# Problem
The output is the lines below from the one with "Western Medica Gas" through the one with "50x Honey Dipper", both included, printed exactly and with no other line.

[Records excerpted from a collection]
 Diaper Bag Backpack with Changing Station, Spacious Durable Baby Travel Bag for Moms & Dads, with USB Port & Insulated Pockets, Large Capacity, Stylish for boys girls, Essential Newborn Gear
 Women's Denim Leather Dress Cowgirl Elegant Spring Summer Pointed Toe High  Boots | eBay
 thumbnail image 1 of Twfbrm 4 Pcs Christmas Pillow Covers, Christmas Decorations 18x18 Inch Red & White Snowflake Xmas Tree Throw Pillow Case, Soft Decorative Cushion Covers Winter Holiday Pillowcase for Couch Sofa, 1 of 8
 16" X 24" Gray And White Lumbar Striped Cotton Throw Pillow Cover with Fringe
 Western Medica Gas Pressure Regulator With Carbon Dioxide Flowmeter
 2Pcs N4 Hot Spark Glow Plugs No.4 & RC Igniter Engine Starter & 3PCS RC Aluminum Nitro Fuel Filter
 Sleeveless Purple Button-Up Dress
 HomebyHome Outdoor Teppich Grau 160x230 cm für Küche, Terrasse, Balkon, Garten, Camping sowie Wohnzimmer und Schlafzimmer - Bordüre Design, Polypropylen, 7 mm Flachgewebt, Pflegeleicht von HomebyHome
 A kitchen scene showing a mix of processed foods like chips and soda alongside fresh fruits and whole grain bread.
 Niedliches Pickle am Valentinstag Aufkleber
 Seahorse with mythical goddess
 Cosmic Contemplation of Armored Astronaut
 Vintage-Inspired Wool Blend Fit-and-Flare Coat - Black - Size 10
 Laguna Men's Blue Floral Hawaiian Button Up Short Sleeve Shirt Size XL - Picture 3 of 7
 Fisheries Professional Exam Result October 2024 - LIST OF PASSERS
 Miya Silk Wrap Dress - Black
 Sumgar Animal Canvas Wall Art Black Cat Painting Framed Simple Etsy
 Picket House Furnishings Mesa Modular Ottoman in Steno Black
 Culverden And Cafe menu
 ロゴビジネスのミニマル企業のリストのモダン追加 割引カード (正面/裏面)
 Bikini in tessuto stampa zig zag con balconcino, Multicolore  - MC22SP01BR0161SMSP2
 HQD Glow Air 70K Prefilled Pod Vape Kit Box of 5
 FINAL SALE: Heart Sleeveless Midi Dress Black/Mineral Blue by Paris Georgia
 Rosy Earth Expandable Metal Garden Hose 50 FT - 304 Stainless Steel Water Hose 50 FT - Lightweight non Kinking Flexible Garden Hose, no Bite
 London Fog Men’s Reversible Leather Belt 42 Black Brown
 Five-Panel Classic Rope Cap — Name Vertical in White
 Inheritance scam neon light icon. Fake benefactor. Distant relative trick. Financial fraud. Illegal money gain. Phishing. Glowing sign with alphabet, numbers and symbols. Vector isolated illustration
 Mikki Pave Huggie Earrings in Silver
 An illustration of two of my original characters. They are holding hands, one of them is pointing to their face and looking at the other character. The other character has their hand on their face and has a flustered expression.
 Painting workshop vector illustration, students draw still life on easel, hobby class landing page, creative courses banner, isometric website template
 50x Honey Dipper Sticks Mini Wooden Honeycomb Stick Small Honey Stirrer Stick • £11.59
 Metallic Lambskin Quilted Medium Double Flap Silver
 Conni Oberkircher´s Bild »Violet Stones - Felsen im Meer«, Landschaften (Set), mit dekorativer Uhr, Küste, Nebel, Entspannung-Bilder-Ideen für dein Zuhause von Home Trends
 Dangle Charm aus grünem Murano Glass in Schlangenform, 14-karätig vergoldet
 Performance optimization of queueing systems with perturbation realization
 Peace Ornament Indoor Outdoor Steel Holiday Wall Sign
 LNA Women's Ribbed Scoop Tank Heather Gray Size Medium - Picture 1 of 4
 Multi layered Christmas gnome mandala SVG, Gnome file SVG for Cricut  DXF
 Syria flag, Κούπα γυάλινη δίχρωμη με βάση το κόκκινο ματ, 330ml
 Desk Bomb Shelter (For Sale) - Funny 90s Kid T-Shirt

# Task result
 Western Medica Gas Pressure Regulator With Carbon Dioxide Flowmeter
 2Pcs N4 Hot Spark Glow Plugs No.4 & RC Igniter Engine Starter & 3PCS RC Aluminum Nitro Fuel Filter
 Sleeveless Purple Button-Up Dress
 HomebyHome Outdoor Teppich Grau 160x230 cm für Küche, Terrasse, Balkon, Garten, Camping sowie Wohnzimmer und Schlafzimmer - Bordüre Design, Polypropylen, 7 mm Flachgewebt, Pflegeleicht von HomebyHome
 A kitchen scene showing a mix of processed foods like chips and soda alongside fresh fruits and whole grain bread.
 Niedliches Pickle am Valentinstag Aufkleber
 Seahorse with mythical goddess
 Cosmic Contemplation of Armored Astronaut
 Vintage-Inspired Wool Blend Fit-and-Flare Coat - Black - Size 10
 Laguna Men's Blue Floral Hawaiian Button Up Short Sleeve Shirt Size XL - Picture 3 of 7
 Fisheries Professional Exam Result October 2024 - LIST OF PASSERS
 Miya Silk Wrap Dress - Black
 Sumgar Animal Canvas Wall Art Black Cat Painting Framed Simple Etsy
 Picket House Furnishings Mesa Modular Ottoman in Steno Black
 Culverden And Cafe menu
 ロゴビジネスのミニマル企業のリストのモダン追加 割引カード (正面/裏面)
 Bikini in tessuto stampa zig zag con balconcino, Multicolore  - MC22SP01BR0161SMSP2
 HQD Glow Air 70K Prefilled Pod Vape Kit Box of 5
 FINAL SALE: Heart Sleeveless Midi Dress Black/Mineral Blue by Paris Georgia
 Rosy Earth Expandable Metal Garden Hose 50 FT - 304 Stainless Steel Water Hose 50 FT - Lightweight non Kinking Flexible Garden Hose, no Bite
 London Fog Men’s Reversible Leather Belt 42 Black Brown
 Five-Panel Classic Rope Cap — Name Vertical in White
 Inheritance scam neon light icon. Fake benefactor. Distant relative trick. Financial fraud. Illegal money gain. Phishing. Glowing sign with alphabet, numbers and symbols. Vector isolated illustration
 Mikki Pave Huggie Earrings in Silver
 An illustration of two of my original characters. They are holding hands, one of them is pointing to their face and looking at the other character. The other character has their hand on their face and has a flustered expression.
 Painting workshop vector illustration, students draw still life on easel, hobby class landing page, creative courses banner, isometric website template
 50x Honey Dipper Sticks Mini Wooden Honeycomb Stick Small Honey Stirrer Stick • £11.59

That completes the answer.